Flächen vor dem Schutzbereich 2 dürfen bis in eine Tiefe von 240 cm FI-geschützte Steckdosen und Schalter enthalten. Eine weitere Bedingung sind Trenntransformatoren oder Schutzkleinspannungen <12 Volt. Auch Verbindungsdosen können in diesem Bereich installiert sein. Nicht Din-konform sind Zuleitungen, die andere Räume mit Strom versorgen.

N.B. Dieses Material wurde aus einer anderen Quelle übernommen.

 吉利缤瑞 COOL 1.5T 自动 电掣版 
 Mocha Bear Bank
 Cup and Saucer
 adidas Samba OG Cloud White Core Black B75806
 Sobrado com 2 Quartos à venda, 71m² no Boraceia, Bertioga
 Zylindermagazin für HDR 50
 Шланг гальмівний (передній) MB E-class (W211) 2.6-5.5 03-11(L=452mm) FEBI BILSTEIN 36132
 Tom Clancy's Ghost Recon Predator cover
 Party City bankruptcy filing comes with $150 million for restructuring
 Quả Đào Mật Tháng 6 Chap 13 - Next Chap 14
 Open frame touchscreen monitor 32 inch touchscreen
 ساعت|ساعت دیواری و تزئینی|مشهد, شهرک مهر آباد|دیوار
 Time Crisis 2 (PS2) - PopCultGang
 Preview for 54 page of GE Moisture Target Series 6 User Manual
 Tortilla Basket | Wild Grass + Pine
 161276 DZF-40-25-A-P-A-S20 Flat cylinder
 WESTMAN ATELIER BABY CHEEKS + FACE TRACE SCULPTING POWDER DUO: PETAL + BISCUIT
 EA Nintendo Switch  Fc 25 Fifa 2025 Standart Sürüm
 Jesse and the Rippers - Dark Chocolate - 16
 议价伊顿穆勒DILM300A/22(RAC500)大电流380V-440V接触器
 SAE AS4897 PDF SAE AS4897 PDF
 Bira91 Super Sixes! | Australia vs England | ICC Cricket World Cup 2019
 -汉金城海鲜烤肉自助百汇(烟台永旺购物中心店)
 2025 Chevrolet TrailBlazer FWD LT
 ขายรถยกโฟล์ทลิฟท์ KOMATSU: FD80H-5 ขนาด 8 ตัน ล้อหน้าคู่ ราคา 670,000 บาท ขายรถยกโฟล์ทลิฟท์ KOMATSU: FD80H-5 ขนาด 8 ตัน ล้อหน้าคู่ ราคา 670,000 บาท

Tipp: In den Schutzbereichen 0,1, und 2 sind Steckdosen und Schalter auch in den installierten Leuchten nicht erlaubt. Möglich sind jedoch in die Schalter integrierte Leuchten, solange dadurch die Schutzklasse der Schalter nicht gemindert wird.

Der Potentialausgleich

Der Potentialausgleich schützt vor elektrischen Schlägen, indem er die Spannung von berührbaren Teilen eines Elektrogerätes oder anderen leitfähigen Teilen nimmt. Früher mussten selbst Duschtasse und Badewanne in den Potentialausgleich miteinbezogen werden, in der aktuellen Fassung der DIN VDE 0100, Teil 200 bezieht sich die Regelung auf metallische Rohr- und Heizungsleitungen, Wasserleitungen und Gasleitungen. Um einen Potentialausgleich zu erreichen, werden alle leitfähigen Teile eines Elektrogerätes mit einem geerdeten Schutzleiter und über die Haupterdungsschiene mit dem Fundamenterder verbunden. Kommt es zu einem Fehler, wird die Stromversorgung abgeschaltet und der Schaden an der Elektroinstallation kann gefahrlos beseitigt werden.